Saan menyampaikan hal tersebut saat usai Rapat Koordinasi Satuan Tugas Pemulihan Pascabencana DPR RI bersama kementerian terkait dan mitra kerja di Banda Aceh, Selasa (30/12/2025). Dalam rapat itu, para kepala daerah mengeluhkan belum adanya kejelasan status kayu yang menghambat penanganan di lapangan.

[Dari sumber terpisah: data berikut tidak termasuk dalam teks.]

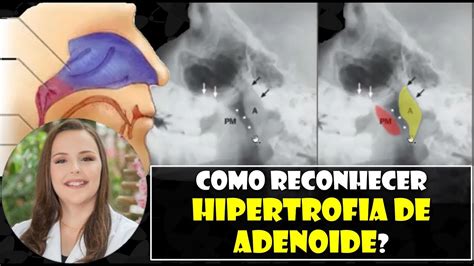 RADIOGRAFIA DO CAVUM NA AVALIAÇÃO DA HIPERTROFIA DE ADENOIDE Dra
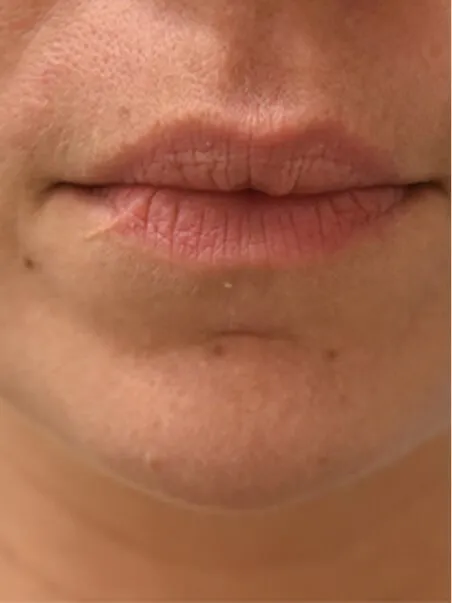 Lip Enhancement treatment in action
 before result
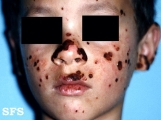 hydroa vacciniforme
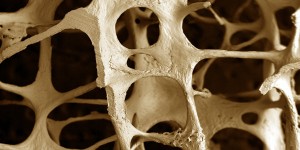 osteoporoza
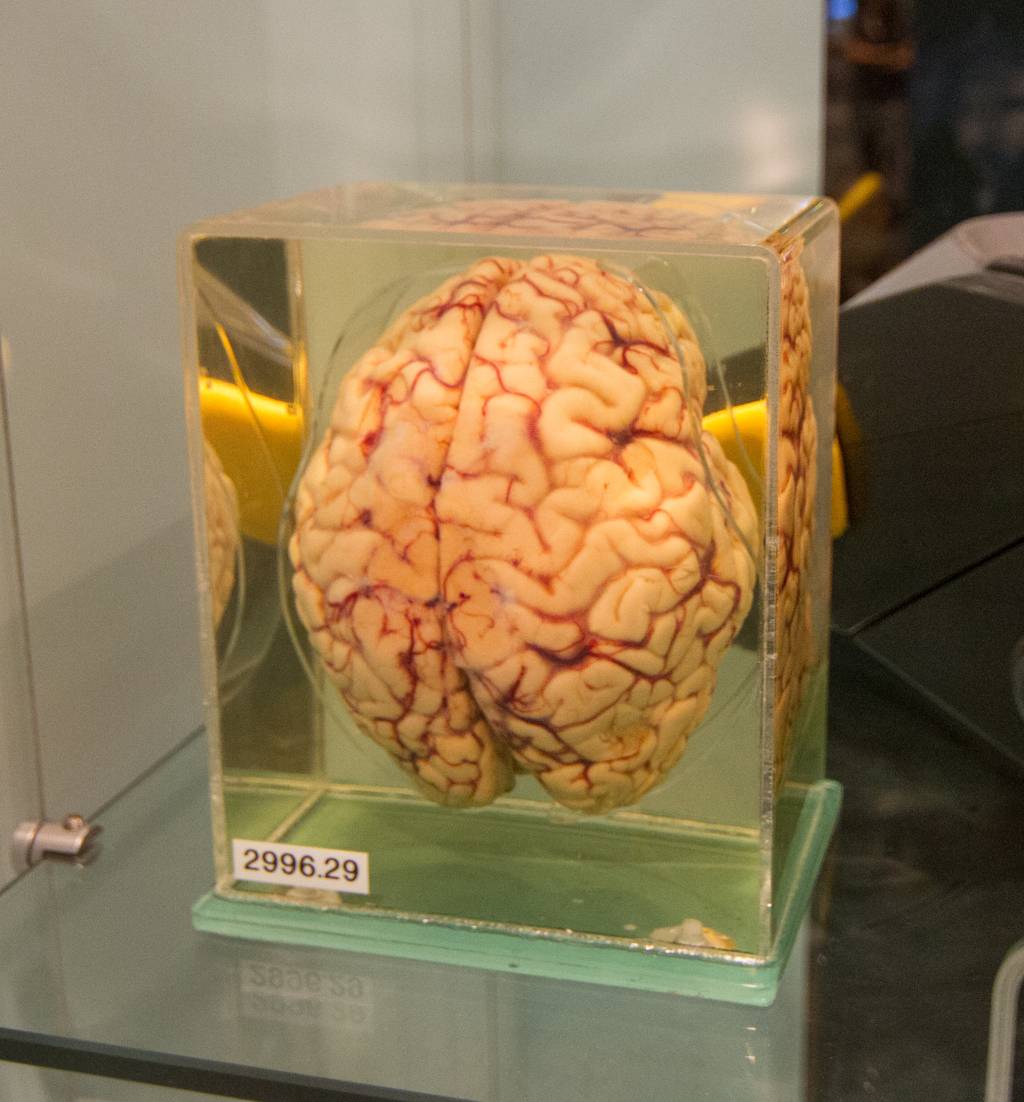 human_brain_preserved_in_formaldehyde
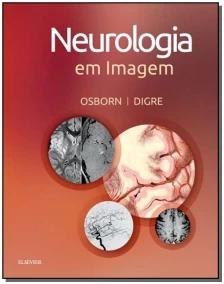 Neurologia em Imagem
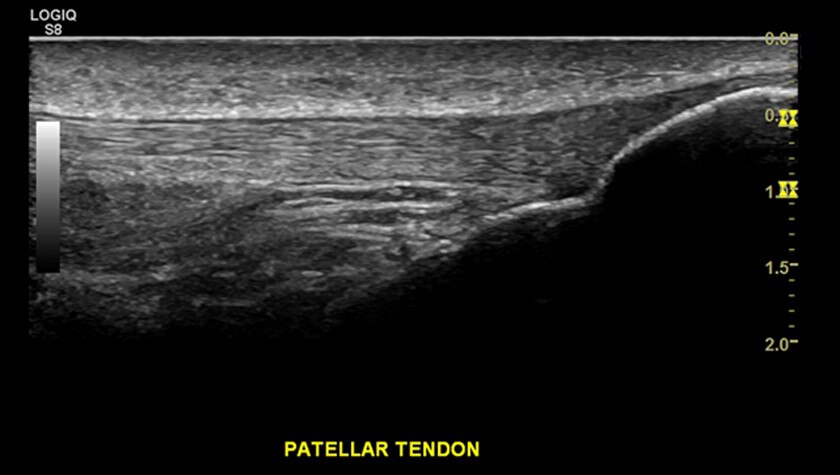 Надколенное сухожилие, ML6-15-D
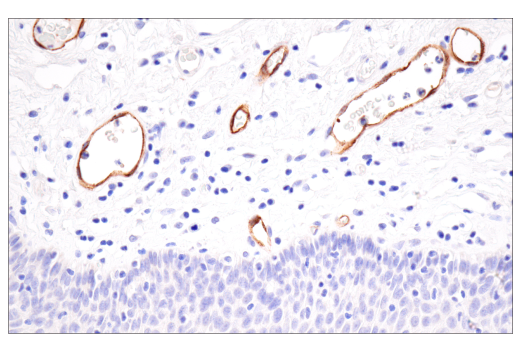 Immunohistochemistry Image 5: CD62P/P-Selectin (E8Q1W) XP<sup>®</sup> Rabbit mAb (BSA and Azide Free)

Menurut Saan, kayu gelondongan sebenarnya dapat dimanfaatkan untuk kepentingan masyarakat maupun mendukung pemulihan pascabencana. Namun, pemerintah daerah dan warga tidak berani memanfaatkan kayu tersebut karena khawatir tersandung persoalan hukum.
“Para bupati meminta kejelasan dari pemerintah pusat terkait status kayu gelondongan itu. Mereka ingin bergerak cepat, tetapi ada kekhawatiran jika kayu tersebut dibersihkan atau dimanfaatkan justru menimbulkan masalah hukum,” ujar Saan di Jakarta, Sabtu (3/1/2026).
Ia mengungkapkan hingga kini pemerintah daerah masih menunggu keputusan resmi dari pemerintah pusat. Bahkan, Pemerintah Kabupaten Aceh Tamiang belum menerima instruksi apakah kayu-kayu tersebut boleh dimanfaatkan atau harus diamankan sebagai barang temuan.
Ketidakpastian ini, lanjut Saan, membuat upaya pemulihan pascabencana menjadi tidak optimal. Padahal, pembersihan kayu gelondongan di sungai dan kawasan permukiman sangat penting untuk mencegah bencana susulan serta mempercepat pemulihan aktivitas masyarakat.
Untuk itu, lanjut dia, DPR RI berkomitmen menjembatani persoalan tersebut dengan melakukan koordinasi lanjutan bersama pemerintah pusat dan aparat penegak hukum.
“DPR akan memastikan bahwa ketika pemerintah daerah menyelesaikan persoalan kayu gelondongan ini, tidak ada masalah hukum di kemudian hari. Kami akan berkoordinasi dengan aparat penegak hukum di Jakarta,” tegasnya.
Saan berharap pemerintah segera menetapkan status hukum kayu gelondongan agar pemerintah daerah memiliki dasar yang kuat untuk bertindak. Kejelasan ini dinilai krusial untuk mempercepat pemulihan wilayah terdampak banjir di Aceh dan memberikan manfaat nyata bagi masyarakat.